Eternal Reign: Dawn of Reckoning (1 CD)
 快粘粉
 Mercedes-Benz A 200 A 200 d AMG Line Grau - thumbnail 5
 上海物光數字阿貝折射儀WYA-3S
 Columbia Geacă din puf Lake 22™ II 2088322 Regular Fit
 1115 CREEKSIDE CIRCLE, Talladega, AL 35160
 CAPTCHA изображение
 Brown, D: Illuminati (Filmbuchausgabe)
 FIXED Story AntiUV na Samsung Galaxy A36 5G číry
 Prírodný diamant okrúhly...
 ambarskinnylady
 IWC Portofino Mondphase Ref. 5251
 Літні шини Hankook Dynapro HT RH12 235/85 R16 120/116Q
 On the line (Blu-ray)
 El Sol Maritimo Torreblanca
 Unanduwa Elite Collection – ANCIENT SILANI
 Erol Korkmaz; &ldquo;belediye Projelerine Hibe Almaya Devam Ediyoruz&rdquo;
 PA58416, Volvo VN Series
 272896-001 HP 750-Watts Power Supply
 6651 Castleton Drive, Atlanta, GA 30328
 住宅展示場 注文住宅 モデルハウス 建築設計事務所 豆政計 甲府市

* TASK ITEM
Respond with the exact lines running from the one that contains "Unanduwa Elite Collection – ANCIENT SILANI" through the last line of the data above, and no other lines.

* COMPLETED EXERCISE
 Unanduwa Elite Collection – ANCIENT SILANI
 Erol Korkmaz; &ldquo;belediye Projelerine Hibe Almaya Devam Ediyoruz&rdquo;
 PA58416, Volvo VN Series
 272896-001 HP 750-Watts Power Supply
 6651 Castleton Drive, Atlanta, GA 30328
 住宅展示場 注文住宅 モデルハウス 建築設計事務所 豆政計 甲府市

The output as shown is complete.